*** Opening of DATA RECORDS ***

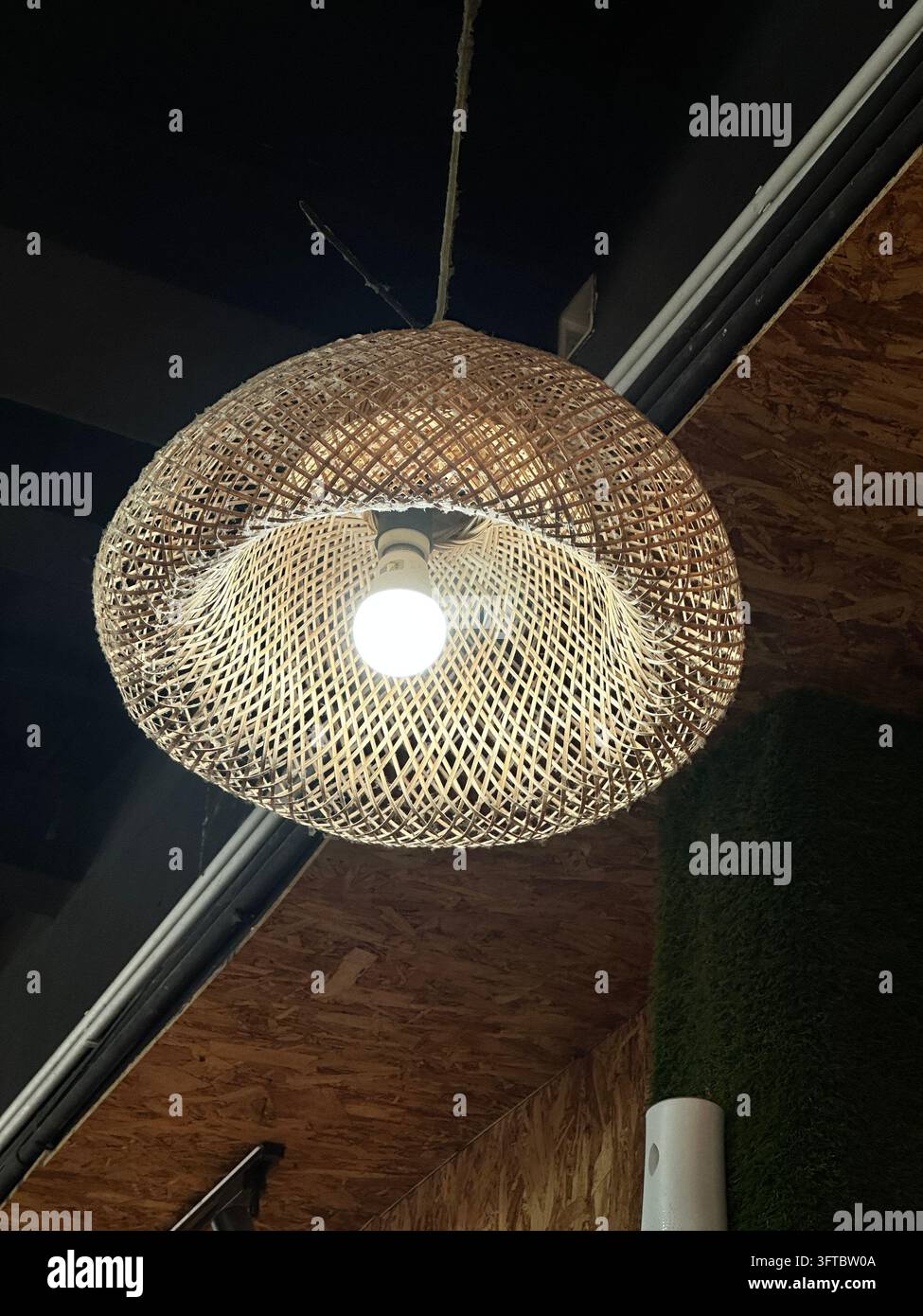 A decorative woven rattan lampshade hanging from the ceiling with a ...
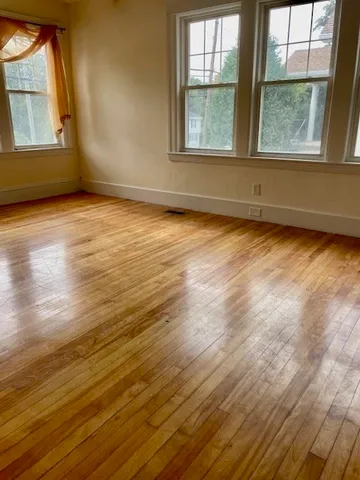 a view of an empty room with wooden floor and a window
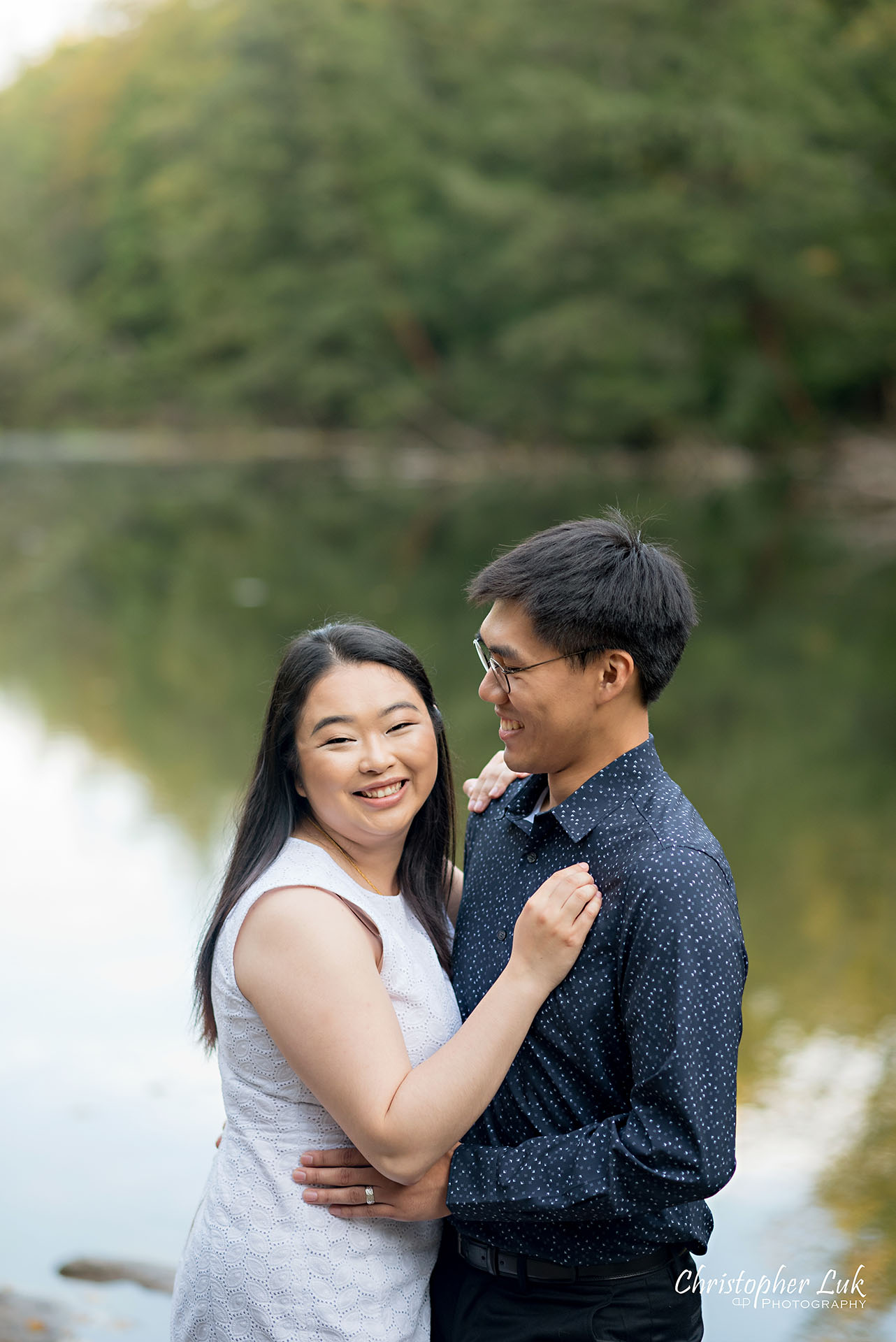 Christopher Luk Toronto Wedding Photographer Stouffville Forest Conservation Park Engagement Session Candid Natural Photojournalistic Bride Groom Walking Together Pond Lake River Scenic Water Reflection Smile Vertical
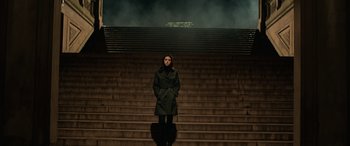 Movie still from “John Wick” (2014), directed by Chad Stahelski – A woman standing on some steps wearing a green coat; Wide shot, Low angle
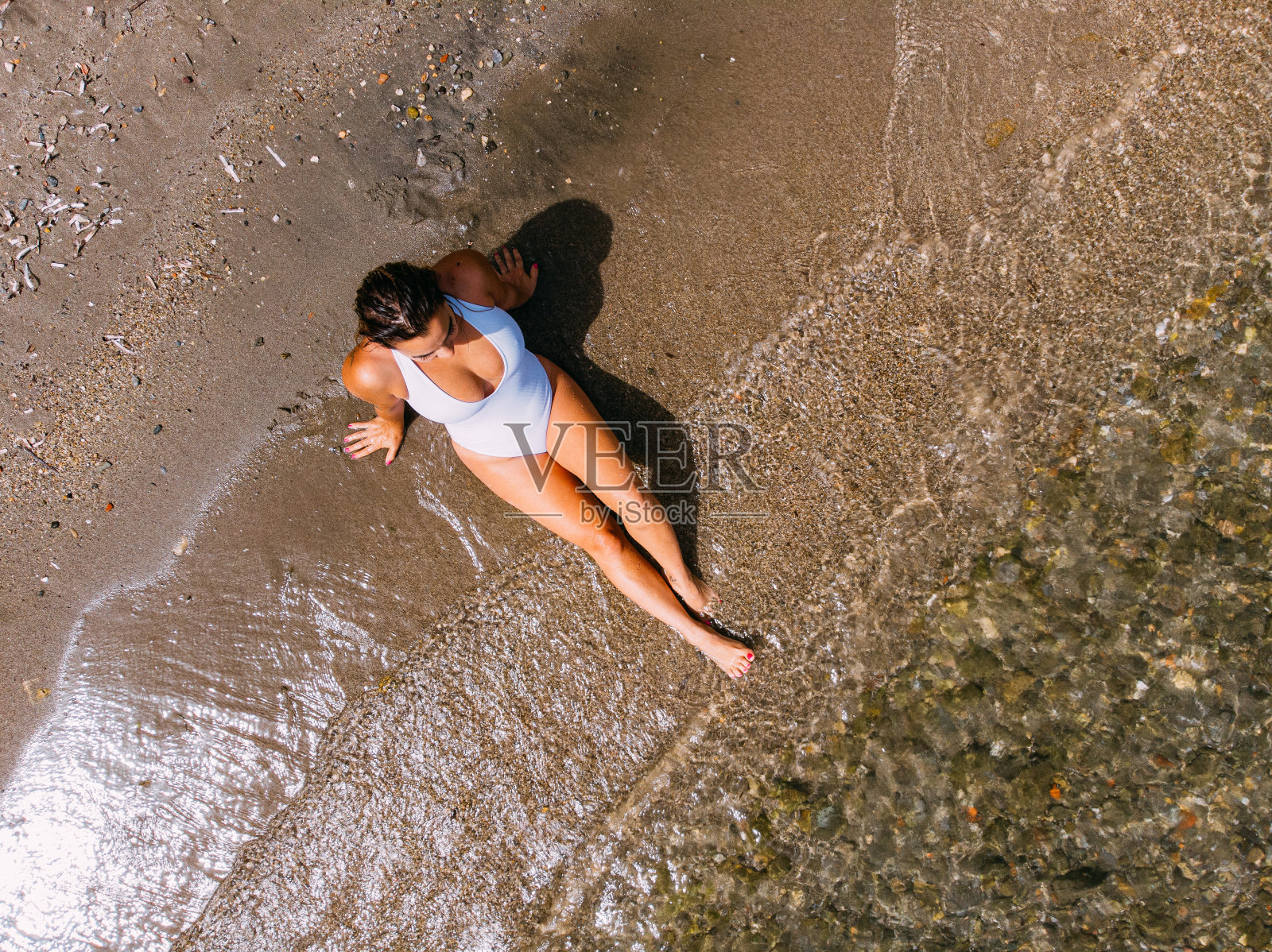 鸟瞰图女人在沙滩上晒太阳照片摄影图片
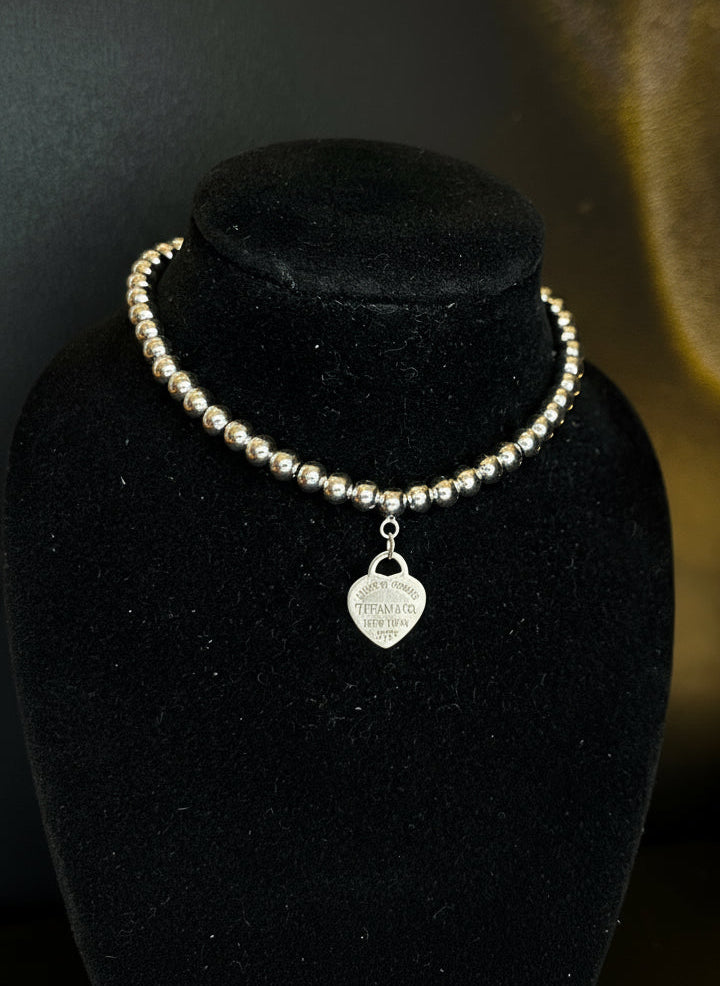 Pulseira bolinha coração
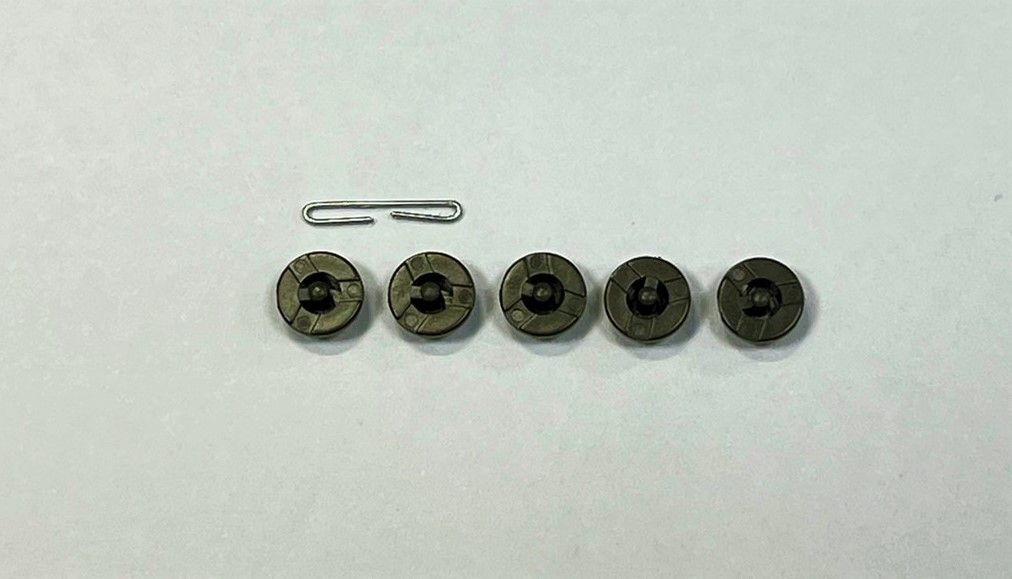 A group of buttons and a clip are sitting on a white surface.
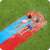 Two kids sliding down the Bestway H2OGO Tsunami Splash Ramp double lane water slide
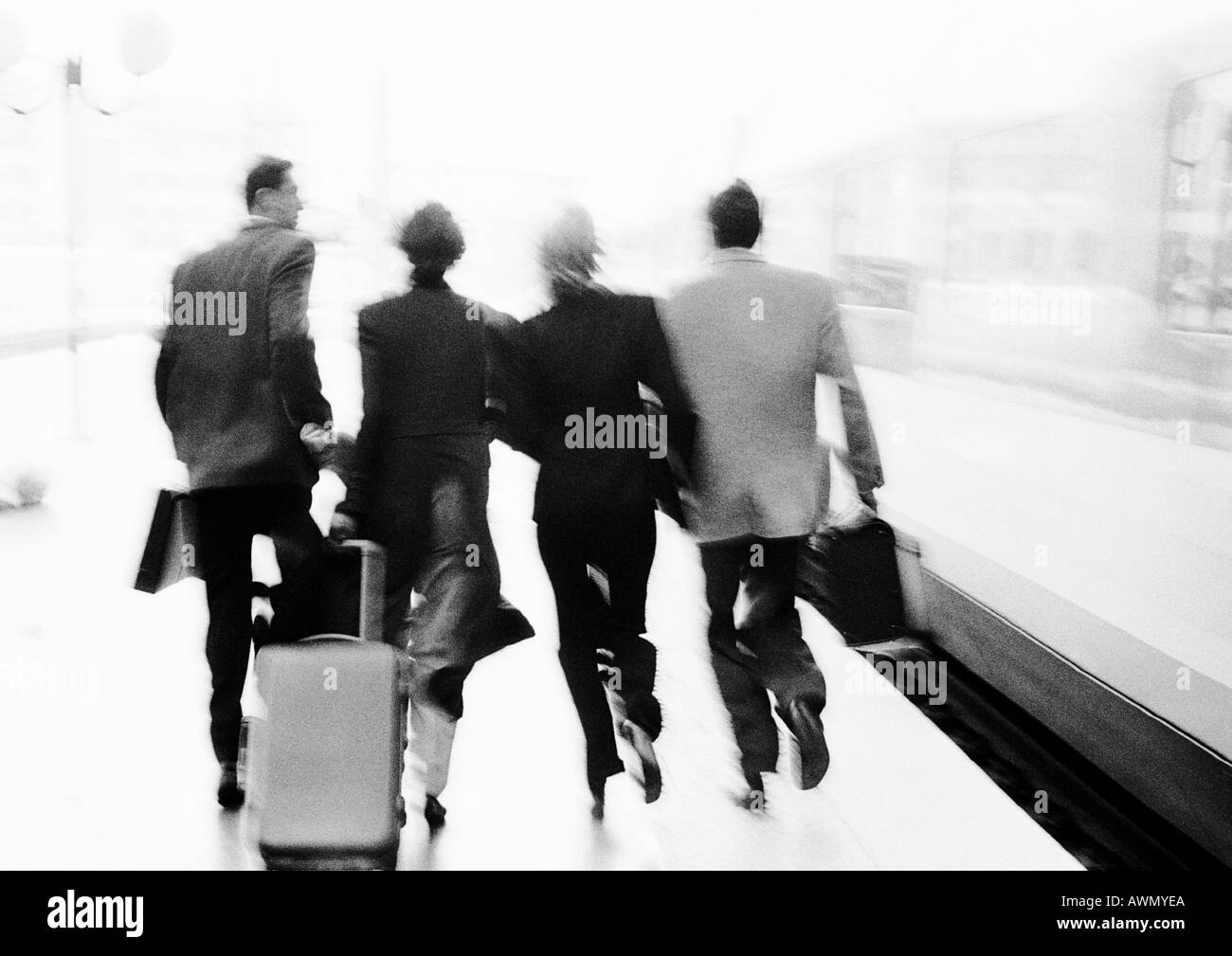 Groupe de gens d'affaires se dépêchant sur plate-forme du train, vue arrière, floue, b&w. Banque D'Images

*** Close of DATA RECORDS ***

ASSIGNMENT: In the records above, find the line that contains "Movie still from". Print it and every later line exactly, omitting the pictures.

REPLY:
 Movie still from “John Wick” (2014), directed by Chad Stahelski – A woman standing on some steps wearing a green coat; Wide shot, Low angle
 鸟瞰图女人在沙滩上晒太阳照片摄影图片
 Pulseira bolinha coração
 A group of buttons and a clip are sitting on a white surface.
 Two kids sliding down the Bestway H2OGO Tsunami Splash Ramp double lane water slide
 Groupe de gens d'affaires se dépêchant sur plate-forme du train, vue arrière, floue, b&w. Banque D'Images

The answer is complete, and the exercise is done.